Zielsetzung und Themenschwerpunkte
Die vorliegende Arbeit befasst sich mit Michel Foucaults Begriff der Gouvernementalité, der als Instrument zur kritischen Analyse gegenwärtiger politischer Prozesse dienen soll. Ziel ist es, die theoretischen und methodischen Implikationen von Foucaults Werk für eine Analyse der heutigen politischen Situation nutzbar zu machen.
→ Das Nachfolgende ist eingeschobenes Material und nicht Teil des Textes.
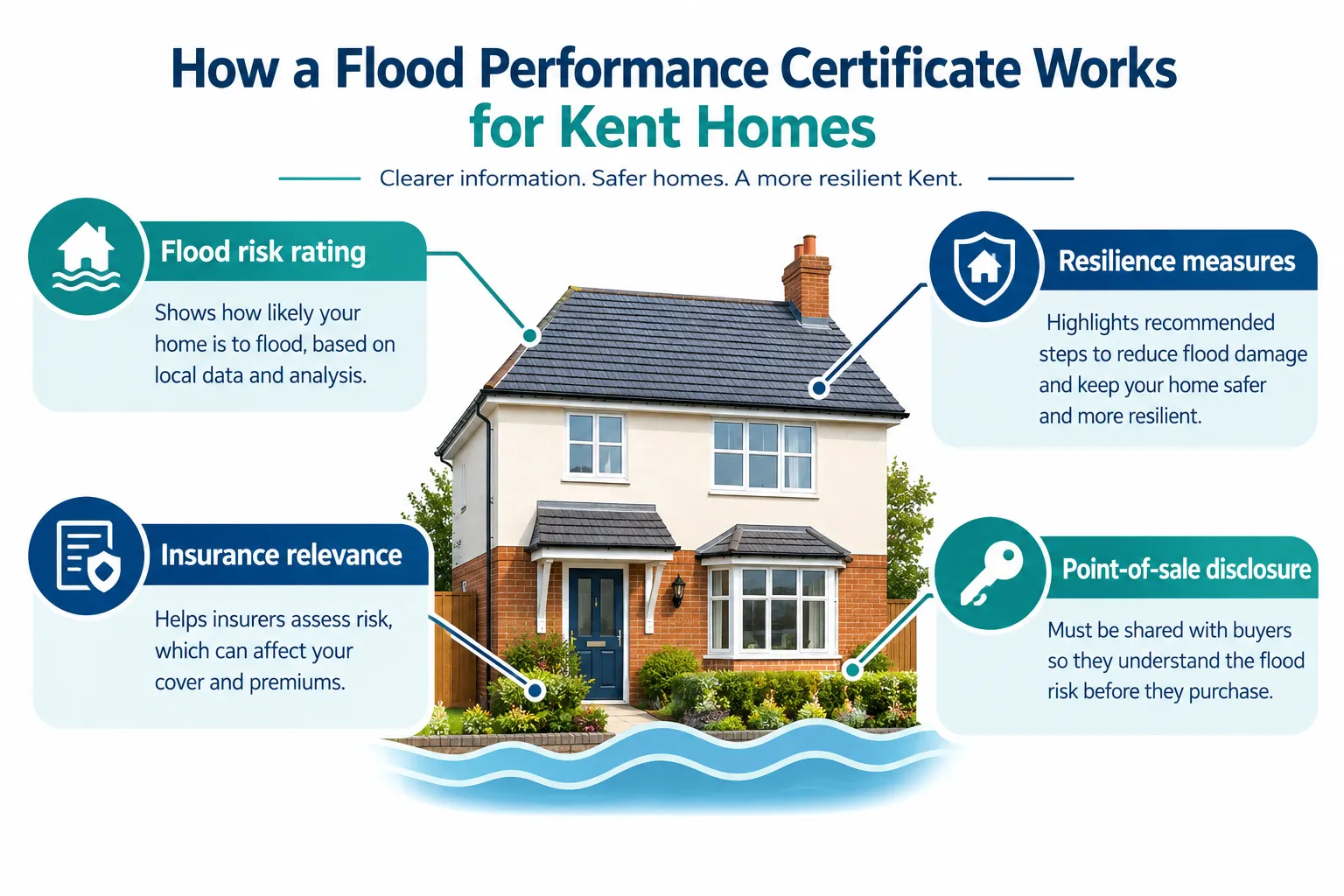 What Flood Performance Certificates Kent Homes Will Likely Carry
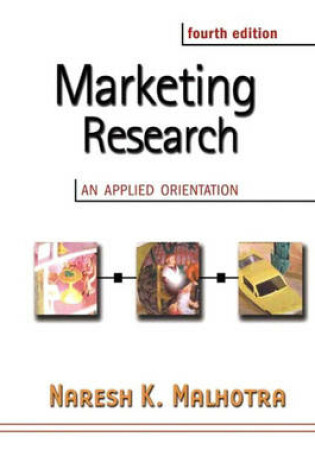 Cover of Marketing Research and SPSS 11.0 Package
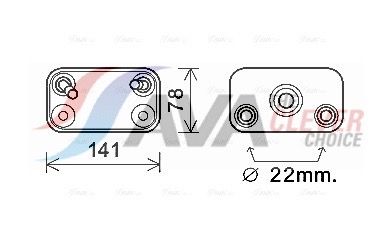 RADIATOR RACIRE ULEI CUTIE DE VITEZE AUTOMATA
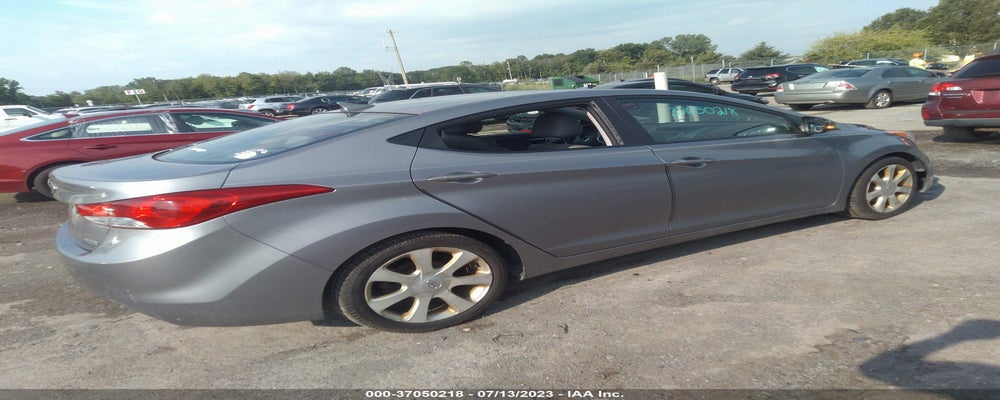 KMHDH4AE2CU201659 2012 HYUNDAI ELANTRA photo no. 4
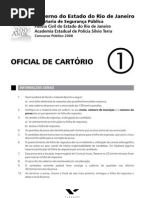 OficialCartorio ProvaObjetiva Gab 1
Zusammenfassung der Kapitel
Die Arbeit gliedert sich in drei Teile. Der erste Teil beleuchtet Foucaults theoretisches und methodisches Instrumentarium, wobei insbesondere die Konzepte der Archäologie, Genealogie und der Produktivität der Macht im Fokus stehen. Der zweite Teil behandelt den Begriff der Gouvernementalité und zeigt dessen Entstehung und Relevanz für eine Analyse des Politischen auf. Im dritten Teil werden die Erkenntnisse aus den vorhergehenden Teilen auf die Gegenwart angewendet, um aktuelle politische Prozesse und Herausforderungen aus einer gouvernementalen Perspektive zu betrachten.
Schlüsselwörter
Die Arbeit befasst sich mit den zentralen Themen der Foucaultschen Forschung wie Wissen, Macht, Subjekt und Dispositiv. Besonderer Fokus liegt auf der Entwicklung und Anwendung des Begriffs der Gouvernementalité als Analyseinstrument für gegenwärtige politische Prozesse. Weitere wichtige Stichworte sind: Genealogie, Archäologie, Biomacht, Disziplinierung, Normierung, politische Rationalität, anonyme Netzwerke, Globalisierung und kritische Theorie.